Working data:
========

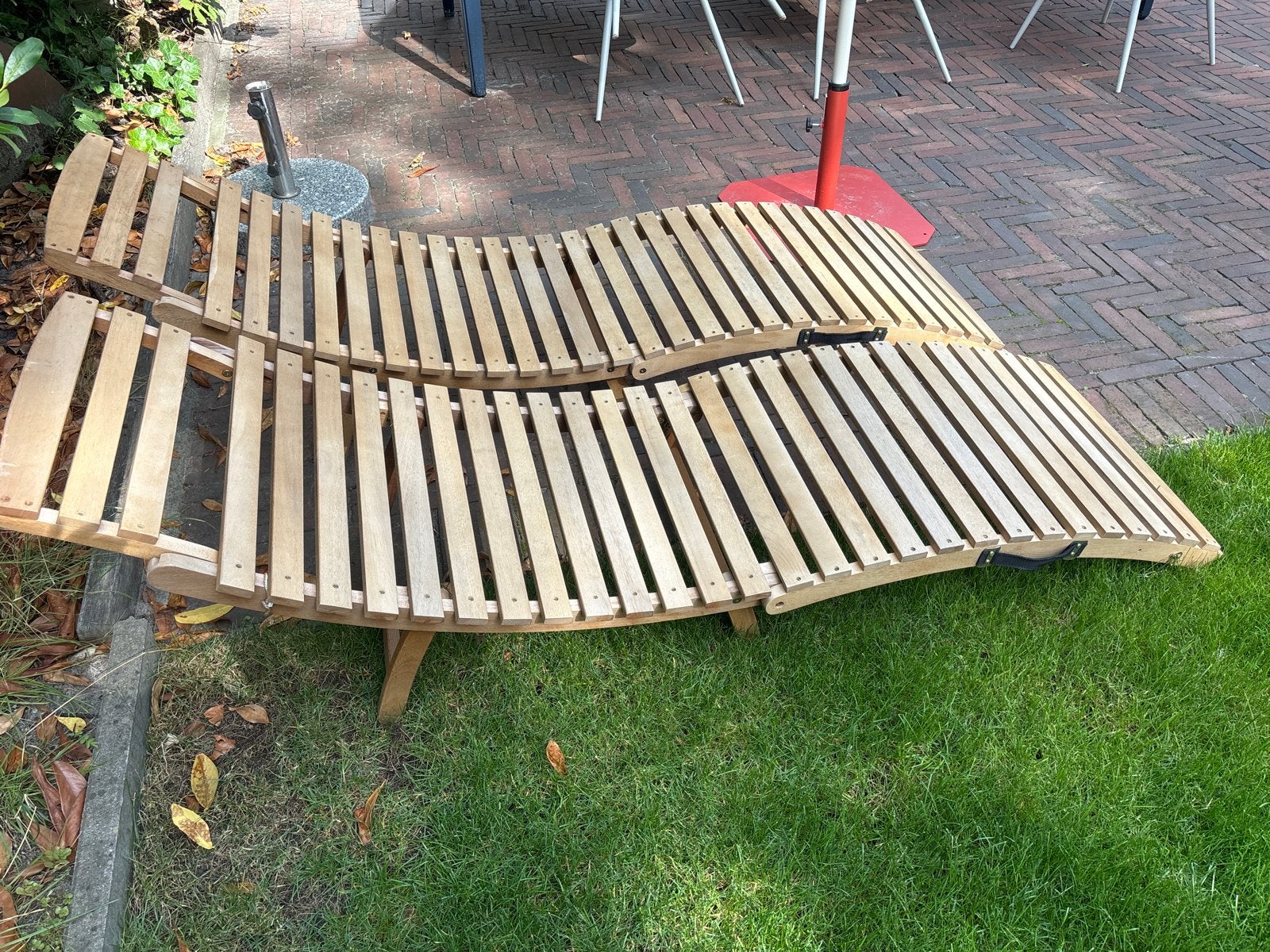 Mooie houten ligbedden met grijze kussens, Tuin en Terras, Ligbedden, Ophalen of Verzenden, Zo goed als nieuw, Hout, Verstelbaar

========

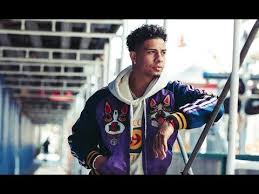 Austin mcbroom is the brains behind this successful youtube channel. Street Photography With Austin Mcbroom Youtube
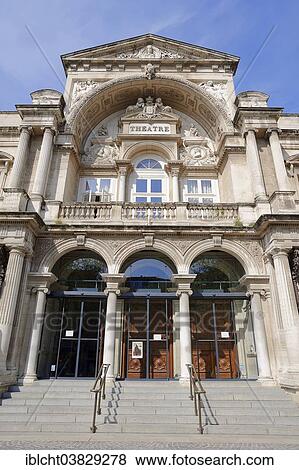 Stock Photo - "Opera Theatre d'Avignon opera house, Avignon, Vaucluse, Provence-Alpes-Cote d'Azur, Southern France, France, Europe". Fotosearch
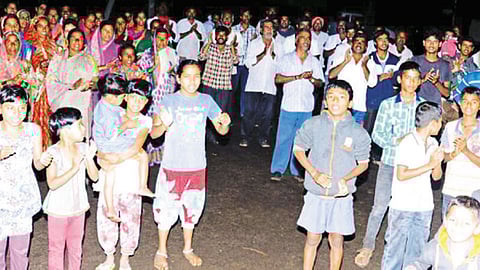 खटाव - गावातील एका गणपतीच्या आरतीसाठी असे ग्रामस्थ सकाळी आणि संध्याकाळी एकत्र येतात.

========

Problem requirements:
Find where the line with "Austin mcbroom is" sits in the material above and where the line with "खटाव - गावातील" sits. Set down exactly the lines from the first to the second, both included and nothing else, without pictures.

Reply to the exercise:
 Austin mcbroom is the brains behind this successful youtube channel. Street Photography With Austin Mcbroom Youtube
 Stock Photo - "Opera Theatre d'Avignon opera house, Avignon, Vaucluse, Provence-Alpes-Cote d'Azur, Southern France, France, Europe". Fotosearch
 खटाव - गावातील एका गणपतीच्या आरतीसाठी असे ग्रामस्थ सकाळी आणि संध्याकाळी एकत्र येतात.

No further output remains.